Zwischen Erkenntnistheorie und Sozialethik: Wilhelm Lütgert

Abschließend referierte Peter Müller (London) zum Thema: „…damit Gott alles in allem sei – Das Leben (und Werk) Wilhelm Lütgerts (1867–1938)“, wobei der Schwerpunkt auf der biographischen Darstellung lag. Am 9.4.1867 kam Wilhelm Lütgert in Heiligengrabe als drittältestes von elf Kindern zur Welt. Er studierte von 1886 bis 1888 und wieder von 1890 bis 1892 an der Theologischen Fakultät der Universität Greifswald, die damals unter Hermann Cremer in ihrer Blüte einer positiv, biblisch orientierten Theologie stand. Während der drei Studiensemester in Berlin (1888–1890) war Lütgert weder von Adolf von Harnack noch von anderen dem Liberalismus zugeneigten Professoren theologisch angetan. Adolf Schlatter, der seit 1888 in Greifswald lehrte, beeinflusste Lütgerts theologische Entwicklung am meisten und blieb sein lebenslanger Weggefährte und Freund.

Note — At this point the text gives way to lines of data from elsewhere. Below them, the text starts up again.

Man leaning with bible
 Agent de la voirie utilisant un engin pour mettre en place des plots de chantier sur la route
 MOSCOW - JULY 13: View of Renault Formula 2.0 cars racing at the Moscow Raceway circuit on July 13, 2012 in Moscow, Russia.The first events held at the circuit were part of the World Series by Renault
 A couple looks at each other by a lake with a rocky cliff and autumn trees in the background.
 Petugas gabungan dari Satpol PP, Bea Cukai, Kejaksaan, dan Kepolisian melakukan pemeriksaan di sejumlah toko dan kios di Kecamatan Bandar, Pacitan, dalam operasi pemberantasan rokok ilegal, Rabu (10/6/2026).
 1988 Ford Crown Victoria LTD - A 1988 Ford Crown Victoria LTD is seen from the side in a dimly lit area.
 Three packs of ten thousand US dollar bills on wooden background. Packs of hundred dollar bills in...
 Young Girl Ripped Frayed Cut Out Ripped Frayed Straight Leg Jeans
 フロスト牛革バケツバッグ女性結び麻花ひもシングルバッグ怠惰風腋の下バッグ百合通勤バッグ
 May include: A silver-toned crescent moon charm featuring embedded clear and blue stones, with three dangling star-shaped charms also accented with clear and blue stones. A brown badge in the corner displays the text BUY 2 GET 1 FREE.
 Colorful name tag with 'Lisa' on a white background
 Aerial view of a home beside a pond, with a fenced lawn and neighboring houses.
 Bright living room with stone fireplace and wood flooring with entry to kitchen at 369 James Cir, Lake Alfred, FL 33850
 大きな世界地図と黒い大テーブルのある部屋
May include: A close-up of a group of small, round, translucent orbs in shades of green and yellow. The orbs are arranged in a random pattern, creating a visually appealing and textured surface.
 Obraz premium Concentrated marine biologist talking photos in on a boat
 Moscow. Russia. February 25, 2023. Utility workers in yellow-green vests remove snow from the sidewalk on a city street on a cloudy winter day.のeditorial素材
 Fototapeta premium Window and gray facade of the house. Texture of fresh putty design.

Von 1892 bis 1901 war Lütgert Extraordinarius für Neues Testament in Greifswald. Danach wurde er als Nachfolger des verstorbenen Willibald Beyschlag als ausserordentlicher (ab Okt. 1902 als ordentlicher) Professor für Neues Testament nach Halle berufen. Zum Sommersemester 1913 wurde Lütgert als Ordinarius für Systematische Theologie gewählt und trat damit die Nachfolge des 1912 verstorbenen Martin Kählers an. 1929 wechselte Lütgert nach Berlin auf den Systematischen Lehrstuhl des 1927 emeritierten Reinhold Seebergs. Über seine Zwangsemeritierung am 28.3.1935 hinaus war Lütgert auch in die Auseinandersetzungen des Kirchenkampfes verwickelt. Obwohl er sich der Bekennenden Kirche anschloss, stand er bis zu seinem überraschenden od am 21.2.1938 in Distanz zum Dahlemer Flügel der Bekenntniskirche, damit zwischen den Fronten, weil er sich von keiner Seite theologisch instrumentalisieren lassen wollte. Lütgerts Forschungsarbeiten – auch seine Untersuchungen zum Deutschen Idealismus und seine exegetischen Werke – subsumieren sich unter die zwei Themen Erkenntnistheorie (Einordnung der Natur in die Gotteslehre) und Sozialethik (Wiedergewinnung des Liebesgebotes für die protestantische Ethik).

Das nächste Doktoranden- und Habilitandenkolloquium, zu dem alle Interessierten eingeladen sind, findet am 11. und 12. März 2005 in Tübingen statt.